Emerald Fennell— from the latest season of Netflix’s The Crown—makes her directorial debut with this colourful revenge story.
The movie follows Cassie—played phenomenally well by actress Carrie Mulligan—a former medical school student who spends her evenings frequenting local bars and clubs.
While the trailer teases us with the possibility of a gory string of revenge murders, in the movie we see Cassie using her feminine appeal to teach men about the dangers of date-rape and expose them as the not-so ‘nice guys’ they think they are. This approach, however, wavers on the line of being empowering or triggering for those who have experienced sexual assault.
“If she’s too drunk to say yes, then the answer is no,” should be the official tagline of this movie, as its main job is clarifying this all-too-important, yet easily forgotten, lesson of consent.
What makes this movie so tantalizingly creepy is that it puts an end to the ‘nice guy’ trope we have all grown accustomed to seeing in every rom-com made in the past 20 years—and it manages to do so in a darkly funny way.
No more ‘bad boy reformed’ or ‘innocent guy next door.’ Promising Young Woman makes it clear that you can’t be so quick to trust someone because it is often the ‘nice guys’ who turn out to be the worst. It manages to communicate this by highlighting the absurdity of what these guys seem to be able to get away with and how they justify their actions.
This is made clear right from the skin-crawling opening scene between Cassie and the ‘nice guy’ from the bar who offers her a ride home, only to make a quick pit stop at his apartment first.
Throughout these profoundly uncomfortable scenes, we are treated to a brilliant soundtrack, including several pop remixes of songs such as “It’s Raining Men” and Britney Spears’ “Toxic.”
The soundtrack, along with aesthetically pleasing shots full of pastels and florals, gives this movie the sugarcoated sweetness that starkly contrasts with its profoundly dark characters and overall message. These production elements are strikingly I, Tonya-esque, and reminiscent of Sofia Coppola’s Marie Antoinette—adding Promising Young Woman to the list of female-led, eye-catching films that do an incredible job of blending the dark and the light.

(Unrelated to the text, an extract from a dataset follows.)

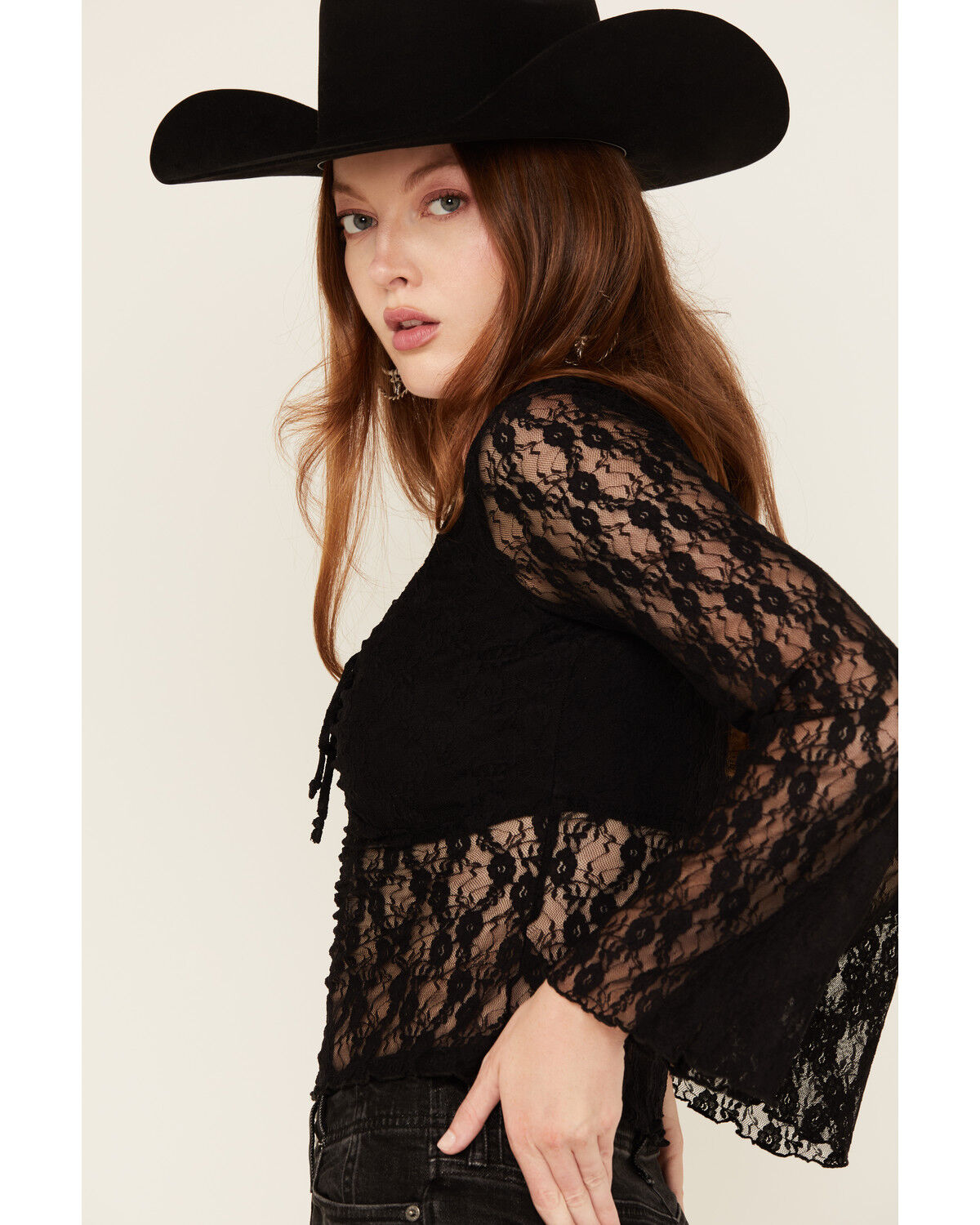 Ash & Violet Women's Lace Bell Long Sleeve Top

The nail-biting, stomach-wrenching climax is something I’ll have to let you experience for yourself. However, you may not walk away 100 per cent satisfied with the way ‘justice’ has been carried out. In fact, the end of this movie leaves us with the chilling question, “Where do we go from here?”—not only for the characters in the movie but for the entire genre of film.

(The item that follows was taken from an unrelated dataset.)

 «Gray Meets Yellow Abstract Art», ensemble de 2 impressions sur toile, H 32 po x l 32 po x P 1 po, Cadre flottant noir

Have we all become too complacent to the themes of manipulation and sexual assault that appear all too often in movies of this genre? How do we change the industry to better reflect healthy relationships? Lastly, are rape-revenge movies such as this empowering victims of sexual assault and providing them with a fresh voice in the industry, or are they simply doing more damage to those who have lived through trauma?

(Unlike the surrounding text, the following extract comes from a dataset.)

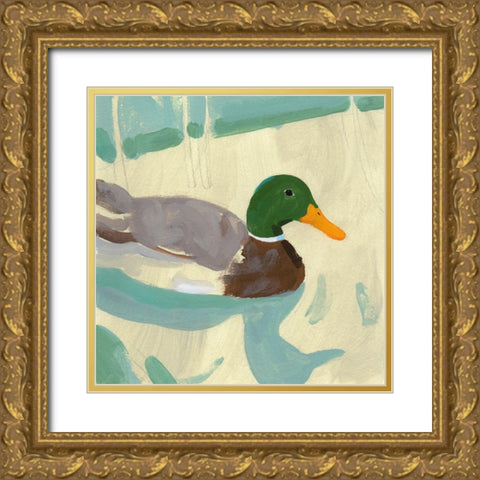 Bathing Mallard I Gold Ornate Wood Framed Art Print with Double Matting by Green, Jacob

These thoughts have puzzled me since I watched this movie and have sparked an online conversation on the portrayal of date-rape in films. I can’t seem to come up with concrete answers to any of the aforementioned questions which leads me to believe that this may be one of those movies that divides us; you either love it or you hate it. Perhaps, if you’re like me, you loved certain production elements of it. More than that, maybe you also enjoyed the overall potential that Promising Young Woman has to initiate a new genre in the revenge/thriller category.